Electron optics in the Netherlands – deep tech at its best

Philips Electron Optics left a lasting impression on the Dutch high-tech ecosystem, observes Maarten Buijs.
Maarten Buijs

Recently, Karel van der Mast, one of the key players in the transition of Philips Electron Optics to FEI (now part of Thermo Fischer Scientific), was interviewed by René Raaijmakers for High-Tech Systems magazine. Although I’ve spent eight of my most enjoyable working years at FEI in the 2000s, I wasn’t aware of many of the described intricacies and drivers behind the reverse take-over in 1996.

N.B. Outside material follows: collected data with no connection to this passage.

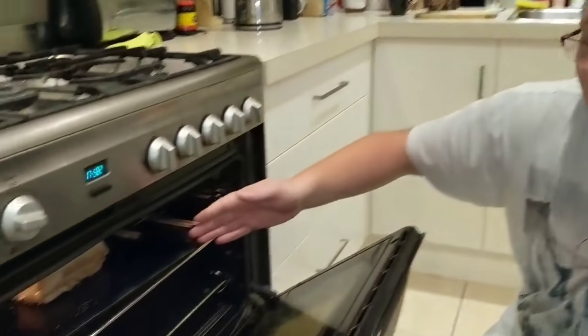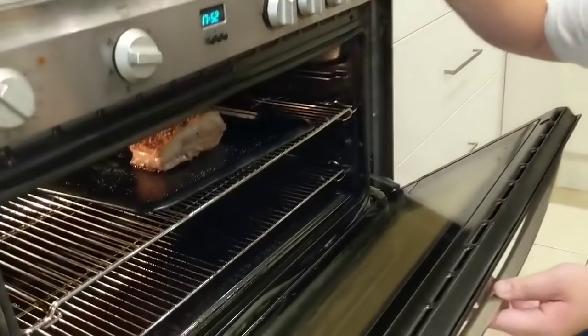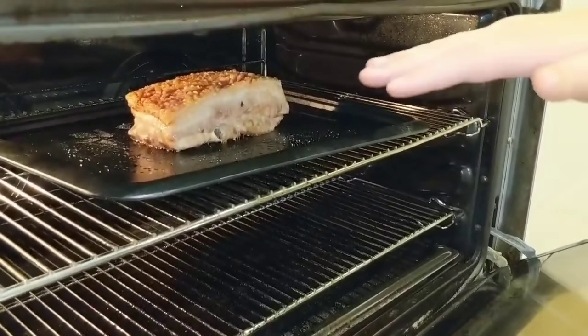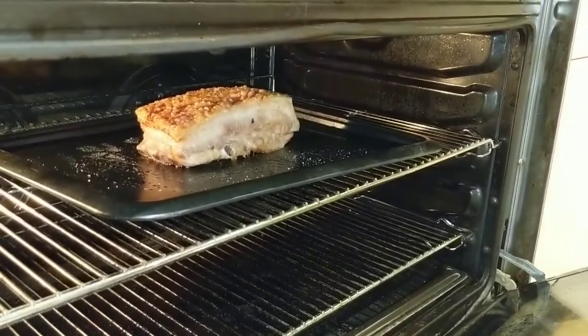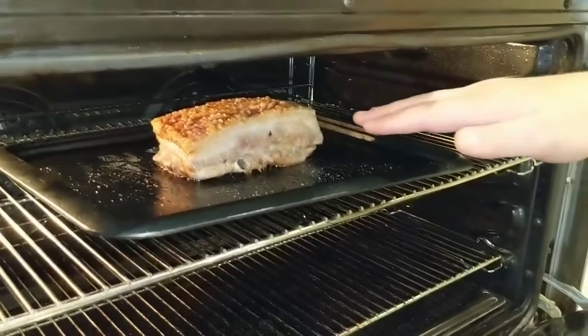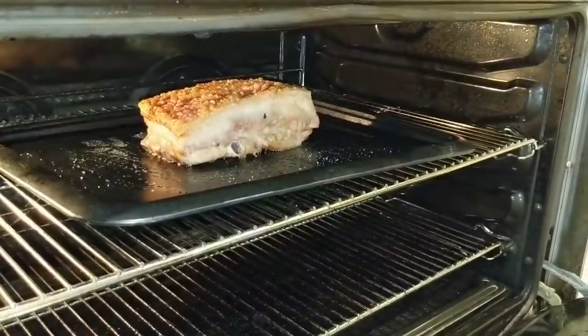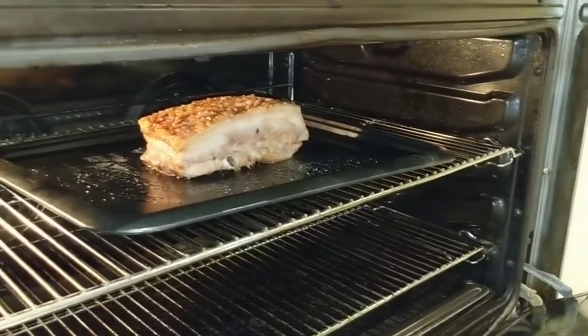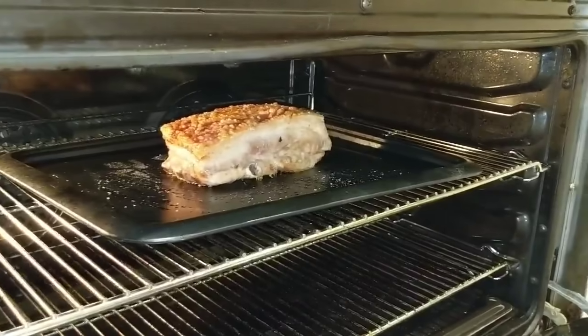I've had direct heat on top of the pork and that's getting us a nice crackling. I do that for about half an hour to 45 minutes. Once the crackling is perfect, we're going to get the meat nice and juicy and tender — we reduce the temperature and cook it for about an hour and a half, maybe two hours, to get the perfect pork crackling.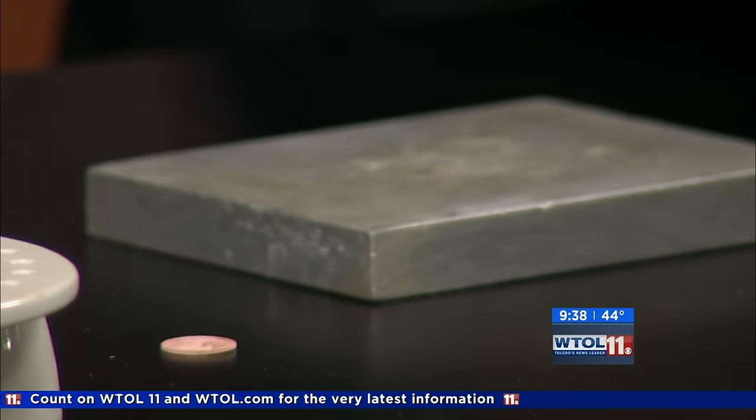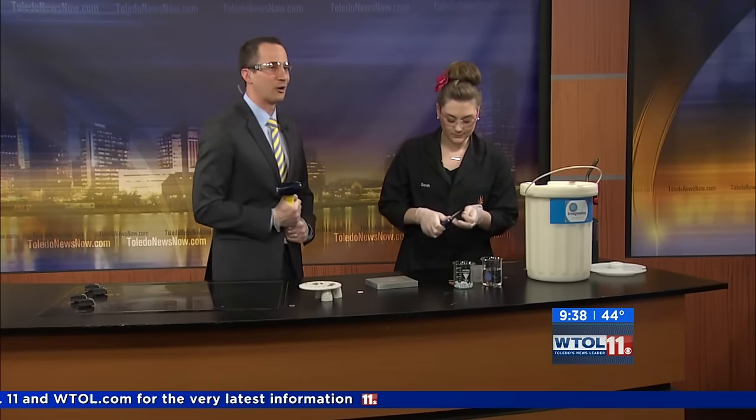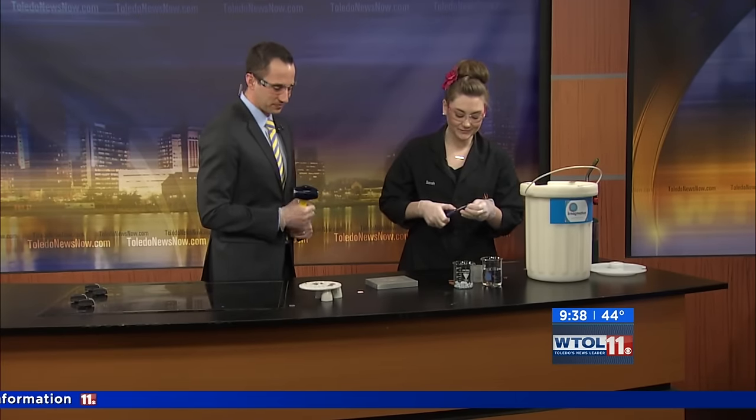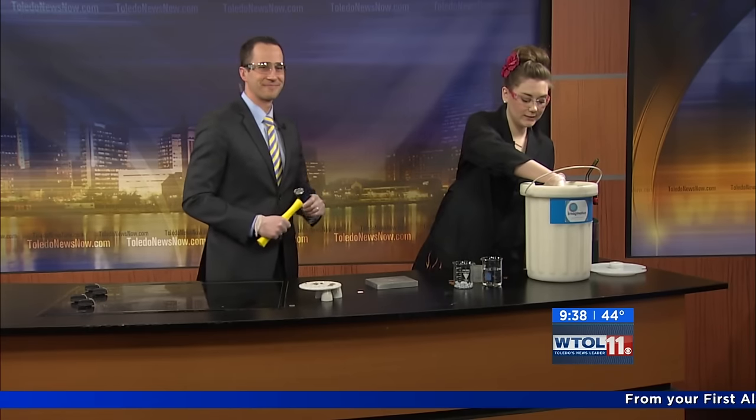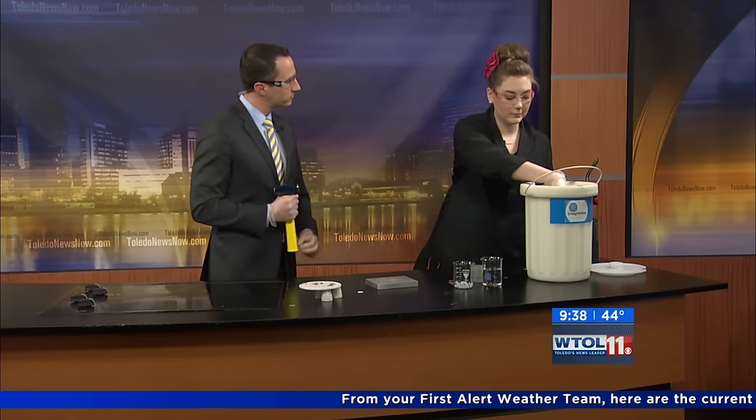Should we cool it down again? You didn't fail — pennies are tough. Let's try one more; we're going to cool it down just a few more seconds. What we want to happen is all those layers of the penny to become very brittle, and then with your mallet you should be able to crack them open.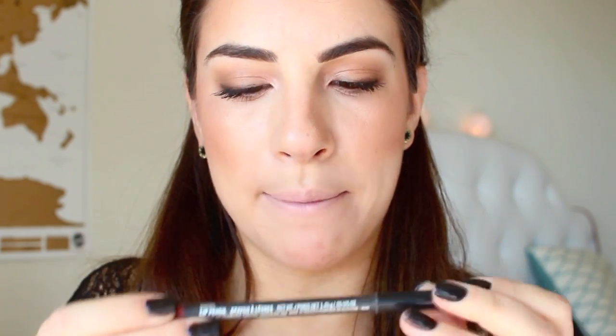Now we want to redefine our lip line. I'm going to take a lip pencil that's close to my lip color but just a little bit stronger — this is Whirl by MAC. You want to make sure it's a little bit on the sharp side, nothing too pointy. I'm going to go right outside my natural lip line, just barely on the outside, and then shade in the lip corners a little bit to give more dimension.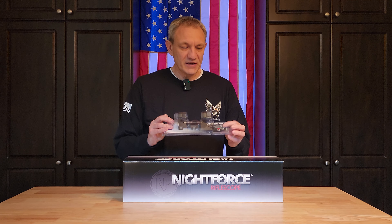In addition, we have the Knight Force Unimount. This is the one and a half inch height. It has a zero MOA cant because our rifle already had a 20 MOA rail on it, so I didn't want to add anything additional with that.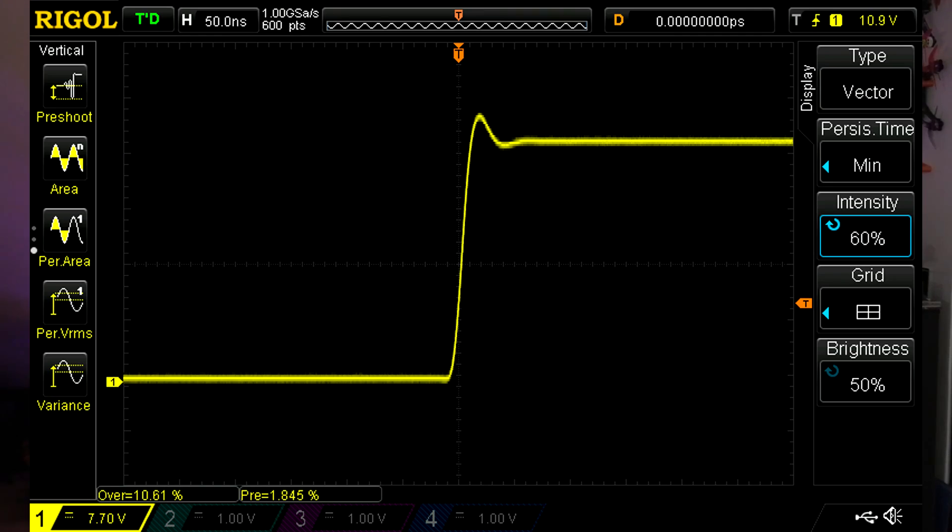Let's begin with the normal wire and D-Shot 600. There is ringing after the signal goes from low to high — probably not something that would introduce problems in this case, but the ringing is very visible. D-Shot 1200 on the same wire shows exactly the same situation. Same for Multishot 4kHz and exactly the same for Multishot 8kHz. So, with a single wire and modern ESC protocols, there is a distortion of the signal — ringing — which in some cases might cause problems.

Following the reverse take-over, much to its chagrin, FEI continued to pay for contract research at my department at the Philips Natlab – a lump sum of 300,000 guilders per FTE. They wanted targeted milestones and payments, but research head Ad Huijser was very clear: take it or leave it, it’s not core to Philips so consider it a (paid) favor. That greatly simplified yearly program and contract negotiations with them because my group had several electron optics experts they couldn’t do without. Many later moved to FEI.

When I got the opportunity to move there as well, first as head of R&D TEM and later of R&D in Europe, I jumped to the occasion. As Van der Mast relates, the combination of ion and electron beams, the former to dig out sub-surface features and the latter to image them, proved to be the right tool at the right time for Intel and was selling like hot cakes. This allowed (further) investment in corrected, sub-angstrom TEM, cryo-TEM, environmental SEM, monochromation in SEM (resulting in angstrom resolution), digital detection (rather than analog film), plasma sources for ion columns, field-effect emitters for electron sources, tomography and single-particle counting programs, all stretching the capabilities of our equipment to beyond what our competitors were capable of. Our products played a big role in unlocking nanotechnology, which was booming at the start of the century.

My fascination with system engineering was born here. Close to all of the core components and technologies we developed could be deployed in all the different products: TEM, SEM, SDB, FIB, plasma-FIB, ESEM. The right modular architecture allowed the company to achieve a speed in bringing innovations to market that I’ve seen nowhere else since. Of course, this would have been impossible without the software and systems engineers and architects, working in Hillsboro, Acht and Brno. Managing this was a challenge. Van der Mast mentions the tendency of the US management to control things in the Netherlands, which probably persists today. But, in general, the global R&D community was close-knit and extremely enjoyable to work in.

As can be expected, such a company is a hub of an extending ecosystem in the Netherlands. This isn’t only reflected in significant contributions to academic and engineering programs all over the country but also in the strengthening of other companies, mostly in the form of people. Of course, there was and is some number of engineers going to and coming from ASML, but knowledge embedded in people also contributed to an impressive list of ‘new’ companies like Mapper, which unfortunately went under, Lumicks, Nearfield Instruments, Delmic and Cryosol-World.

The interview of Van der Mast gives a very interesting insight into a defining chapter of the story of electron optics in the Netherlands, a story that deserves to be told as a case study for the deep-tech business.